▶ **What you have to do**:
With all images left out, restate the records below exactly as written.

▶ **Records for the exercise**:
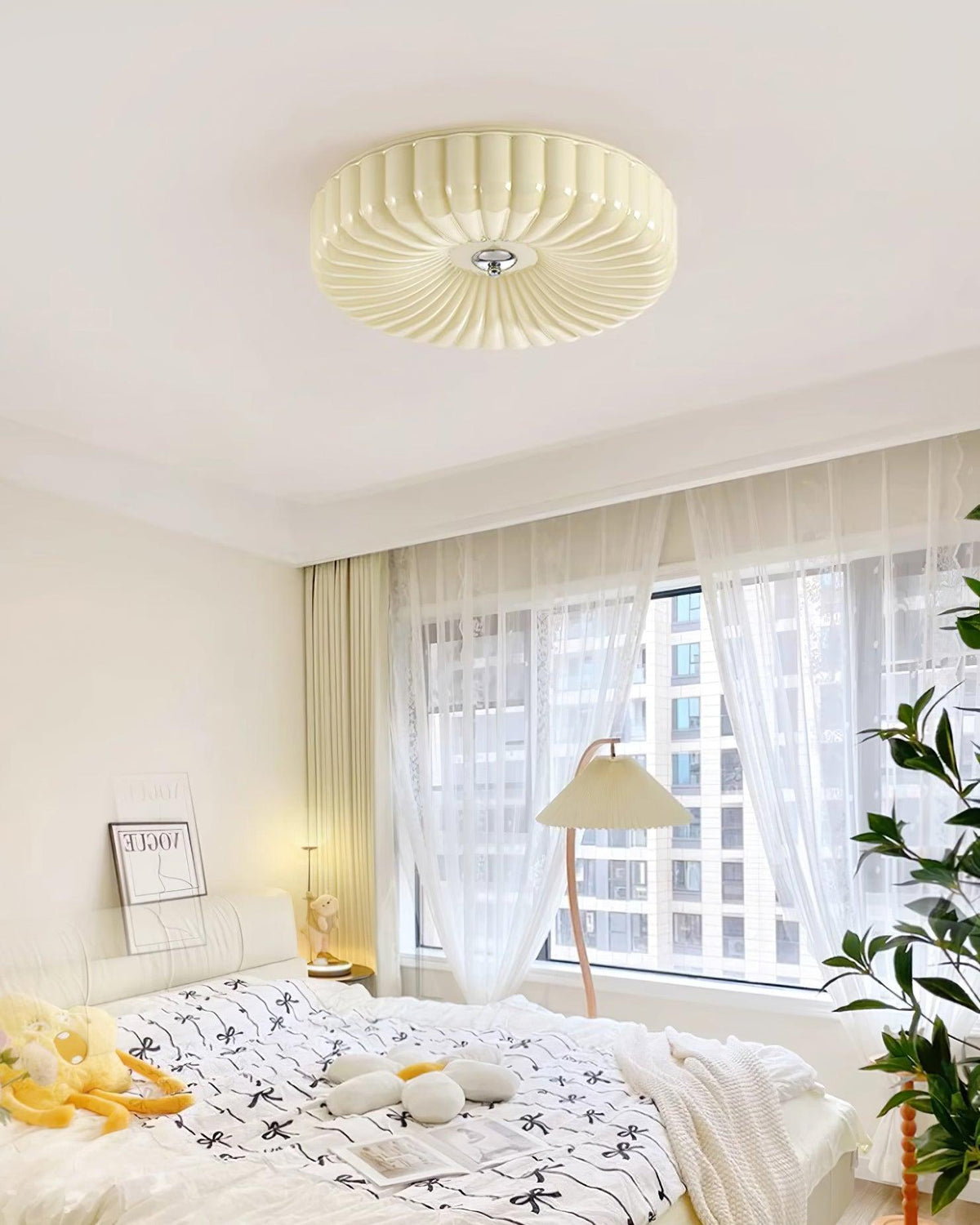 Mivone Cream Glass Flush Mount Ceiling Light-Neutral Decor
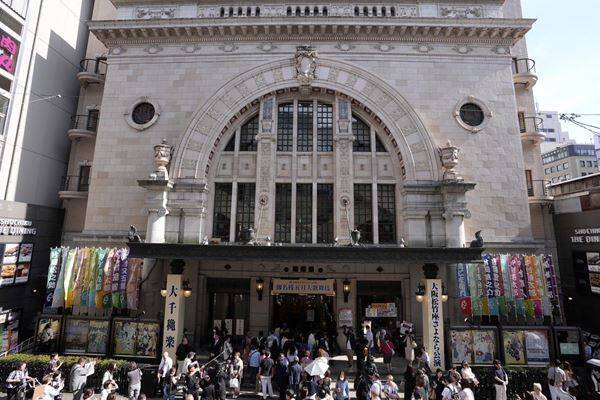 大阪松竹座「御名残五月大歌舞伎」大千穐楽　特別カーテンコールに仁左衛門はじめ東西の俳優が勢揃い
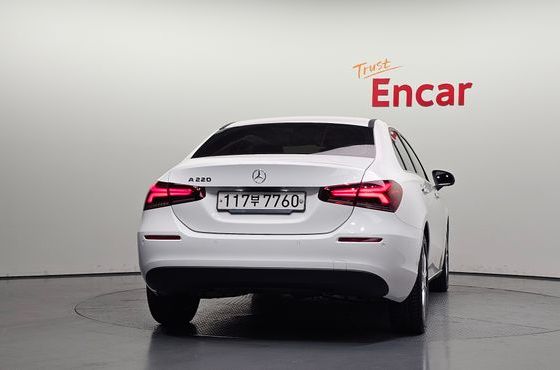 Mercedes-Benz A-Class A220 Sedan — пробег 39 664 км — фото 4 из 5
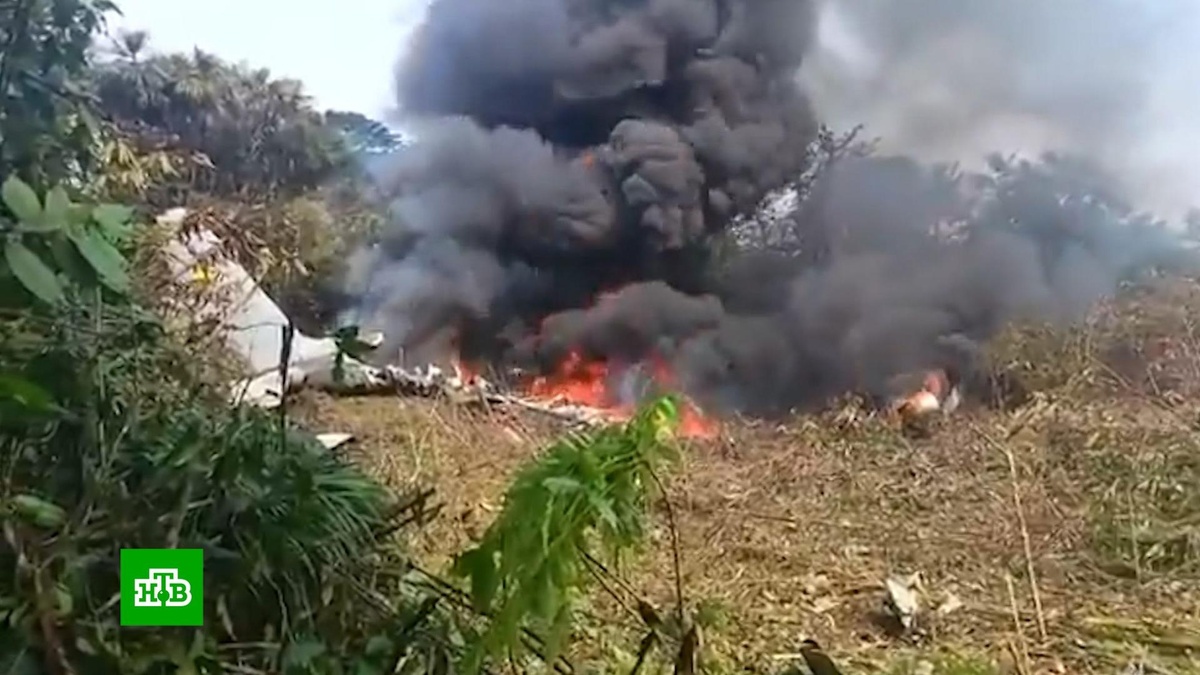    Опубликованы кадры крушения самолета в Колумбии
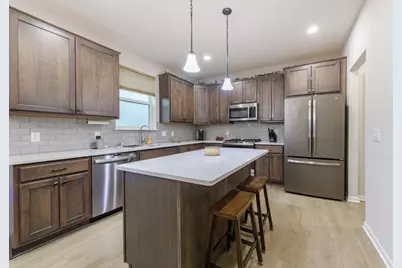 18056 Hartlin Avenue, Lakeville, MN 55044 - Photo 5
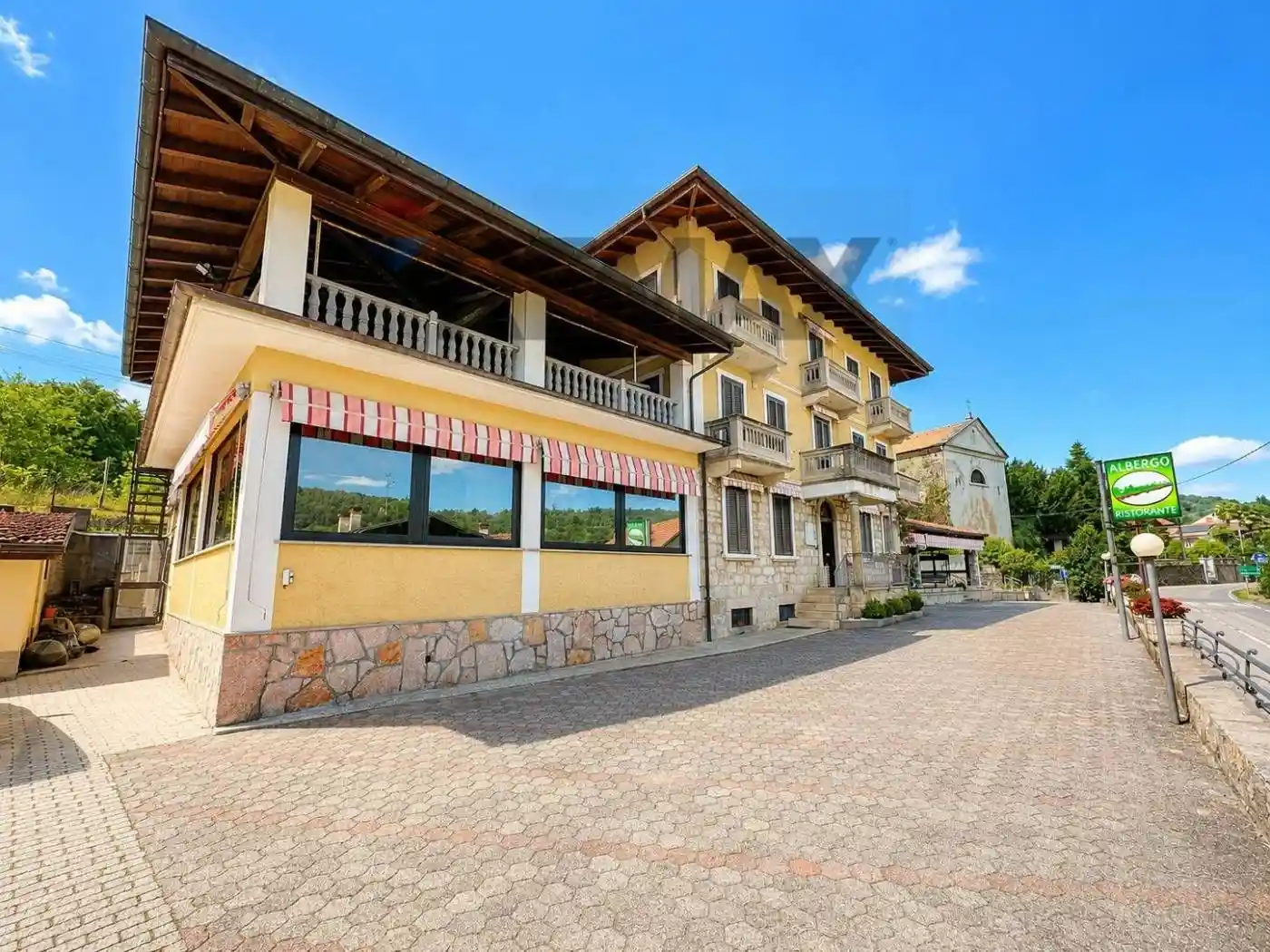 Palazzo - Edificio in vendita a Brovello-Carpugnino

▶ **Solution to the exercise**:
 Mivone Cream Glass Flush Mount Ceiling Light-Neutral Decor
 大阪松竹座「御名残五月大歌舞伎」大千穐楽　特別カーテンコールに仁左衛門はじめ東西の俳優が勢揃い
 Mercedes-Benz A-Class A220 Sedan — пробег 39 664 км — фото 4 из 5
    Опубликованы кадры крушения самолета в Колумбии
 18056 Hartlin Avenue, Lakeville, MN 55044 - Photo 5
 Palazzo - Edificio in vendita a Brovello-Carpugnino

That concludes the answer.